Movimentos como o MST, com sua identidade sem terra e seu modo de agir, estão contribuindo de forma praticamente insubstituível para a democracia poder avançar. E precisamos de potente democracia transformadora da estrutura agrária e sua lógica de acumulação de terras como base de produção não sustentável e excludente ecossocialmente.[1]Como vimos no recente período devastador que vivemos, os latifundiários foram um dos grandes suportes declarados ao projeto fascista e foram os grandes beneficiários com o mote governamental de “abrir a porteira e soltar a boiada”. A porteira  aberta se revelou em números da conquista de territórios protegidos e de povos originários, com violência e mortes,  destruição de florestas, grilagem de terras, desmatamento, queimadas e garimpo ilegal e contaminante dos rios, até trabalho escravo. Enfim, nenhum “cuidado com gente e natureza”. Pode haver maior agressão à democracia?

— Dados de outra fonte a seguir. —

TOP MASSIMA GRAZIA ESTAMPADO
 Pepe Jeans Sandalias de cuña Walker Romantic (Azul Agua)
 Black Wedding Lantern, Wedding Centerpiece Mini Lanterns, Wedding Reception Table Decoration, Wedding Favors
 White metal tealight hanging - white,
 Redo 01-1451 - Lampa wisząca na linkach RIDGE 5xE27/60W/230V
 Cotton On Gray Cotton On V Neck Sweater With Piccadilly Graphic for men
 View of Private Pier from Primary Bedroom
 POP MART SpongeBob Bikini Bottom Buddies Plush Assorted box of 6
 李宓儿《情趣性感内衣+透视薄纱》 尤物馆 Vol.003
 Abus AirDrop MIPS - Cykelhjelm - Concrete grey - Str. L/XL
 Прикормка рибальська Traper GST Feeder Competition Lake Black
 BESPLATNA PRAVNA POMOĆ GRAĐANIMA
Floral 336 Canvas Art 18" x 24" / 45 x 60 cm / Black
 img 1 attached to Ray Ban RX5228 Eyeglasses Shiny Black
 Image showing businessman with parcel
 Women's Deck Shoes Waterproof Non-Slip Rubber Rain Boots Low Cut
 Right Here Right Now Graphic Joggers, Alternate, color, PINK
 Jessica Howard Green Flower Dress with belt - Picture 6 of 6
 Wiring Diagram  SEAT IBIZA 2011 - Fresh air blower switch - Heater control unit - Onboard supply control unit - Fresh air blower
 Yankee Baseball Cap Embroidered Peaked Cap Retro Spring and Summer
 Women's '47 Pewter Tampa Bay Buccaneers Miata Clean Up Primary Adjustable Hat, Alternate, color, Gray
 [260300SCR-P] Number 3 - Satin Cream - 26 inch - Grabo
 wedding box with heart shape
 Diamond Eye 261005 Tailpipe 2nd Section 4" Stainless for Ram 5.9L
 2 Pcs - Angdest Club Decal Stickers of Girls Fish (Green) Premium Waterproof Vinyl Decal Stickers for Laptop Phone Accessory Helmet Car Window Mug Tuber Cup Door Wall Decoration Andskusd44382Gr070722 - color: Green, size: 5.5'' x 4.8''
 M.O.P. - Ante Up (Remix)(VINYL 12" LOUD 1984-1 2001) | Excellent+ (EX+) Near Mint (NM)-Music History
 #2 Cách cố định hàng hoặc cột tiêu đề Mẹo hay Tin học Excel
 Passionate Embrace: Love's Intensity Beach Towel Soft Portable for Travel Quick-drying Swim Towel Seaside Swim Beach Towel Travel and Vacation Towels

O cuidado de gente e da natureza pode ser o grande mote para construir hegemonia democrática ecossocial transformadora. Afinal, toda a mídia dominante e o que a tal bancada ruralista ignora é que o MST, nas terras já conquistadas pela tímida Reforma Agrária até aqui, pratica uma agricultura viável de cuidado, de produção de comida boa, saudável, para gente, em bases agroecológicas. Basta ir aos armazéns do MST para ver o que isto significa. Mas para quem duvida, lembro aqui que o IRGA – Instituto do Arroz do Rio Grande do Sul – atesta: o MST é  o maior produtor de arroz orgânico da América Latina.

A bandeira da reforma agrária tem o potencial de congregar os sem terra com os camponeses de subsistência da agricultura familiar, as redes agroecológicas, os povos indígenas,  quilombolas, coletores de produtos das florestas, pescadores ribeirinhos. E junto com eles todos os amplos setores engajados nas lutas por direitos iguais na sociedade como um todo. É uma complexa e orgânica agenda no enfrentamento da fome, da miséria, do racismo e patriarcalismo, das injustiças e destruições ecossociais e da mudança climática.

Para concluir, quando falamos em cuidar de gente e da natureza parece que só estamos tocando no emergencial. “Fome tem pressa”, dizia Betinho 30 anos atrás. Por isto, queremos, sim, que as emergências sejam imediatamente enfrentadas em nome do cuidado com gente e a natureza. Elas são politicamente as feridas abertas e sangrando na própria democracia, que precisam ser estancadas o quanto antes. Mas, como cidadanias ativas  por democracia transformadora queremos, pela voz e ação do MST e de todas as frentes de luta dos povos das florestas, campos e águas, que as ações emergenciais sejam sementes de transformações democráticas ecossociais sustentáveis nas estruturas causadoras da miséria e fome,  das injustiças de todo tipo e das ameaças à integridade dos territórios em que vivemos. A ação desencadeada junto ao povo e território Yanomami é um exemplo do que precisamos em todo o país.  

Está é a potente mensagem do MST com seu Abril Vermelho. Sem uma reforma agrária ampla, a sociedade vai continuar sangrando e sofrendo. Já é tempo de dar um basta! O bem viver de todas e todos precisa ser a regra da democracia e não a exceção.

Foto: Mariana Castro. Laurindo da Silva, um dos sobreviventes do Massacre de Carajás. 

Artigo publicado originalmente em https://sentidoserumos.blogspot.com


[1] Só lembrando: em artigo de 2020, Ricardo Westin aponta que  as propriedades de 2 mil ou mais hectares eram somente 0,70% do total, mas controlavam 50% das terras. Na outra ponta, as propriedades de menos de 25 hectares  eram 60% do total e juntas controlavam em torno de 5% das terras.  Westin, R. “Há 170 anos , Lei de Terras oficializou a opção do Brasil pelos latifúndios”. Senado Federal – Arquivos. Publicado em 20/09/2020.